What’s next on nonproliferation and international security, in Washington and around the globe.

-- August 17: The Proliferation Security Initiative’s PANAMAX 2013 exercise wraps up. The multinational drill focuses on defending the Panama Canal and implementing the PSI mandate to interdict and prevent the illegal trafficking in weapons of mass destruction. As the annual exercise marks its first decade, Panama recently stopped a shipment of Soviet-vintage jets, missile-control vehicles and other Cuban military equipment being transported through the canal -- amid 100,000 tons of sugar -- en route to North Korea. Havana authorities say the gear was being shipped to Pyongyang for repair and eventual return to the Caribbean island, despite the imposition of sanctions against North Korea that would bar such transfers.

-- August 19: U.S. Senator Mitch McConnell (R-Ky.), his chamber’s minority leader, will tour the Chemical Agent-Destruction Pilot Plant at the Blue Grass Army Depot in his home state. Once construction is complete, the facility is expected to offer a state-of-the-art capability to safely “neutralize” the 523 tons of lethal nerve and blister agents stored at Blue Grass, along with a variety of associated munitions. The federal government last month began furloughing firefighters at the base, due to budget sequestration, which triggered warnings of potentially dire safety risks. Good thing, then, that “safety is of paramount importance” at the Army depot’s construction area, according to guidance issued to reporters who will accompany McConnell, and that “flame-producing devices (such as matches or cigarette-lighters) may not be brought onto the site.”

-- August 19-August 30: The United Nations-sponsored “open-ended working group” on nuclear disarmament meets at the Palais des Nations in Geneva, Switzerland, for its third and final session of this year. Chaired by Manuel Dengo, Costa Rica’s envoy to U.N. office in Geneva, the group is to develop proposals for international negotiations on the global abolition of atomic weapons and the maintenance of a nuclear-free world.

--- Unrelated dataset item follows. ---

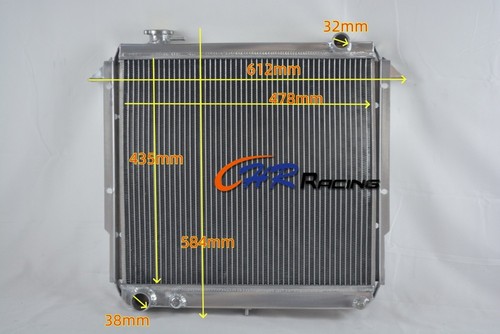 Radiator for jeep - radiator, xj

-- August 20: The Foundation for Defense of Democracies is holding a Washington discussion on “Al-Qaida and its Affiliates: On Life Support or an Imminent Threat?” Speakers include three journalists and issue experts, who will explore whether the killing of Osama bin Laden more than two years ago has weakened al-Qaida -- or if, instead, instability from Iraq to Syria to Yemen and beyond has bolstered the terrorist organization.

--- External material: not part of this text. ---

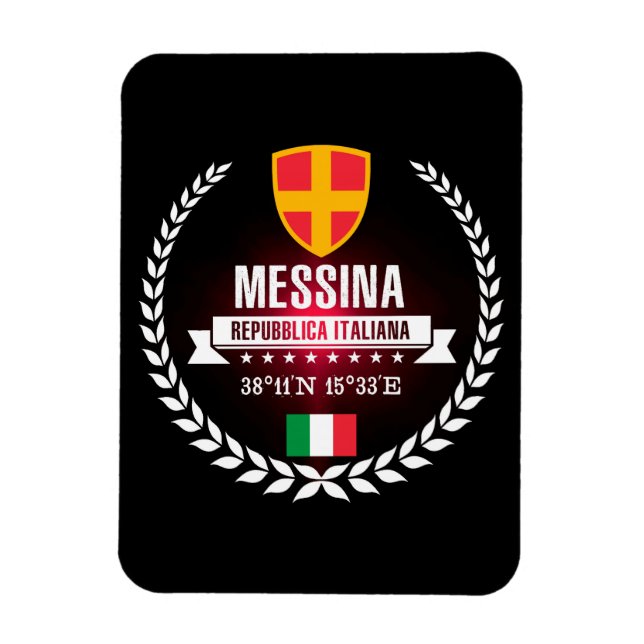 Íman Messina (Vertical)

-- August 22: As part of its “Cross-Straits Series,” the Atlantic Council is hosting a discussion called “The Coming Asian Arms Race?” The Washington event will feature Ely Ratner, the Center for a New American Security’s Asia-Pacific Security Program deputy director, and Randall Schriver, president and chief executive officer of the Project 2049 Institute, exploring mounting defense spending in the Asia-Pacific region, increased military activity by Japan and the possibility of associated tensions between China and Taiwan, North and South Korea, and other neighboring competitors.